Posted by Rob on 21st Jul 2017
I purchased the Laser Dream Works 6pdr, 9pdr, 12pdr and 24pdr 28mm scale guns and was very pleased. The guns are of the Armstrong pattern, on naval carriages and thus appropriate in British vessels up to 1808. However, it must be stressed that once the Blomefield Pattern guns began production in the 1790s they quickly replaced the older ordnance in the Royal Navy, most assuredly in the capital ships, due to a more compact, yet robust, design. The fledgling United States Navy purchased numerous Blomefield guns in the late 1790s (and produced domestic knock-offs) so that it also became the predominant design across the pond. However, it must be noted that in the remote military posts in North America necessity dictated that many outmoded guns were still in service, both on land and afloat. Long story short – these castings are perfect for most 18th Century vessels and ideal for the period of the American War of Independence.

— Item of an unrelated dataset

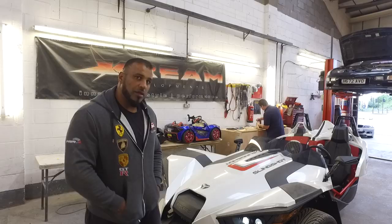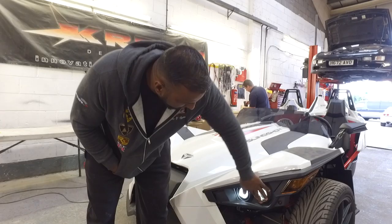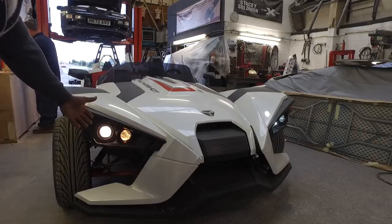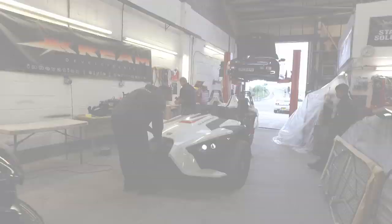The Polaris Slingshot doesn't actually come with HIDs as standard. These are high intensity discharge lamps fitted. As you can see, it's got a nice, cool, clear white light to it. Compare that to the factory fitting — just old, boring yellow, which doesn't really give off much light either and really dulls the car up. Done one side already, got to do the other side. It gives it so much brighter light and makes it look so much more modern.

The casting metal is of good quality and the guns are some of the best I have seen. The details of the carriage, rings, bolts etc., are excellent and the barrels of the guns are detailed down to the distinctive ring around the cascable button.
The ordnance barrels are generally good castings but suffer, to a moderate extent, from the common defect of compression, which gives them an oval, rather than circular shape when looking head-on to the 6pdr and 24pdr models. The metal is very strong but there were some troubles with some of the cascable buttons of the 6pdrs which were broken off upon delivery. This is probably because the cascable buttons are rather undersized on all pieces and should match the bore of the piece. To be honest, this is a very hyper-critical assessment as the overall quality is so good. There was also a bit of distortion at the muzzle of the 24pdr and the second order of the 6pdrs I received had a fair bit of flash, which none of the other gun barrels had.
The 24pdr has a barrel of 47mm length (base ring to muzzle) which corresponds to approximately 113” to 122”, depending on the relative scale of your 28mm figures. This is a perfect size for an Armstrong pattern gun of 1753.
The 12pdr has a barrel of 35mm length which corresponds to approximately 84” to 91”. This is a little short for an Armstrong pattern naval gun of 1753, which should be 108”, but corresponds to the size of a garrison piece of the same time.
The 9pdr has a barrel of 31mm which corresponds to approximately 74” to 81”. This is quite short for an Armstrong pattern naval gun of 1753, which should be 101”, but almost matches the length of a period garrison piece.
The 6pdr has a barrel of 27mm which corresponds to approximately 65” to 70”. This quite short for an Armstrong pattern naval gun of 1753, which should be 84”, but is close to the 73” length of a garrison piece of the same period.
The gun carriages are robust single piece castings. The cheeks of the carriages are a little on the short side, making them marginally smaller than true scale but they compliment the barrels beautifully. The carriages do, however, suffer from the common casting problem of compression of the mold which has given the trucks an oval rather than circular shape. My only real criticism would be that the carriages have an odd “waffle” pattern to the surface of the cheeks.
I am very happy with the overall quality of my Laser Dream Works naval guns and hope that they decide to produce a line of Napoleonic Blomefield pattern ordnance as well.